After a week of hearing various officials denigrate Europe, its leaders and its regulations at Davos, Lagarde said that the harsh words could be just what the continent needed.
Lagarde had walked out of a Davos dinner during a speech critical of Europe by U.S. Commerce Secretary Howard Lutnick.
Among the more rankling comments was U.S. Treasury Secretary Scott Bessent's quip in a TV interview dismissing "the dreaded European working group" in response to potential U.S. tariffs aimed at seeking control of Greenland.
Ukraine's President Volodymyr Zelenskyy, meanwhile, blasted the EU's lack of "political will" in countering Russian leader Vladimir Putin.
"Instead of becoming a truly global power, Europe remains a beautiful but fragmented kaleidoscope of small and middle powers," Zelenskyy said during his address at the WEF.
Lagarde said such criticism meant Europe would have to face tough realities and find alternative ways of working to make sure it carries weight on the global stage.
"I think we should say thank you to the bashers," she said.
"It has given us a complete realisation of the fact that we have to be more focused, we have to work on those Plan Bs that I was talking about, and we have to focus on innovation, improvement of productivity, and the rest of it."
Lagarde downplayed a provocative speech at the forum from Canadian Prime Minister Mark Carney, who called Trump's approach a "rupture" with an international order based on rules, trade and cooperation and said that way of doing business was "not coming back."
"From an economic and business point of view we depend on each other," she said.
Carney called on nations to accept that a rules-based global order was over and great powers were abandoning even the pretence of following international agreements.
Quoting ancient Greek historian Thucydides, Carney said the world was entering a period in which "the strong can do what they can and the weak must suffer what they must."
"I'm not exactly on the same page as Mark," Lagarde said. "I'm not sure that we should be talking about rupture."
"I think we should be talking about alternatives. We should be identifying, much more so than we have probably in the past, the weaknesses, the sore points, the dependencies, the autonomy," she said.
WTO's Okonji-Oweal said that uncertainty was unlikely to remain as high as this month, when Trump threatened to take over Greenland from NATO ally Denmark.
But the old order was also not going to return, uncertainty would linger and countries must invest in their own resilience, she said.
"I don't think we'll go back to where we were. But they will not be as bad and maybe we'll have a slightly better, steady state for the future," Okonjo-Iweala said.
If I was running a country, I'd be trying to strengthen myself and my region, and I'd be looking at my region and then building resilience."
Okonji-Oweal pointed out that 72% of global trade still takes place under WTO rules, where countries agree to charge all trading partners the same tariffs. That's despite "the biggest disruption in 80 years."

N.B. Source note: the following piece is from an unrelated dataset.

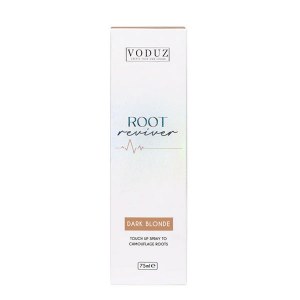 Additional picture of Voduz Root Reviver Dark Blonde  75ml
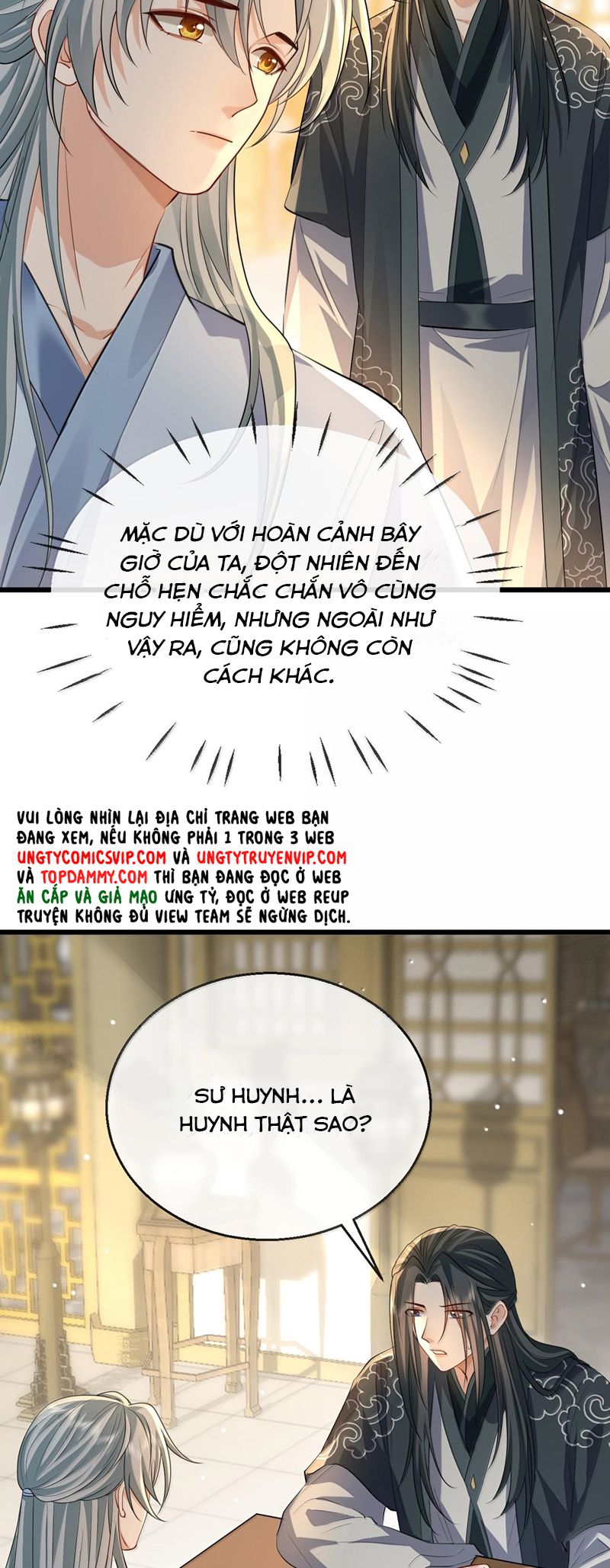 Ma Tôn Đại Nhân Song Tu Không Chap 67 - Next Chap 68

"Resiliency is built into the system, and that is showing up," she said.
IMF's Georgieva argued that change was natural and has been happening for years, and it was time to embrace this because shocks would keep happening.
She offered a historical perspective: "We have always traded and we will always trade. Trade is like a river, water. You put obstacle, it goes around it. Yes, it would be different, but there would be always the necessity of Dr. Ngozi to look over world trade."
Georgieva also conceded things had changed for good: "How many of you have seen the movie, "The Wizard of Oz?".... We are not Kansas any more."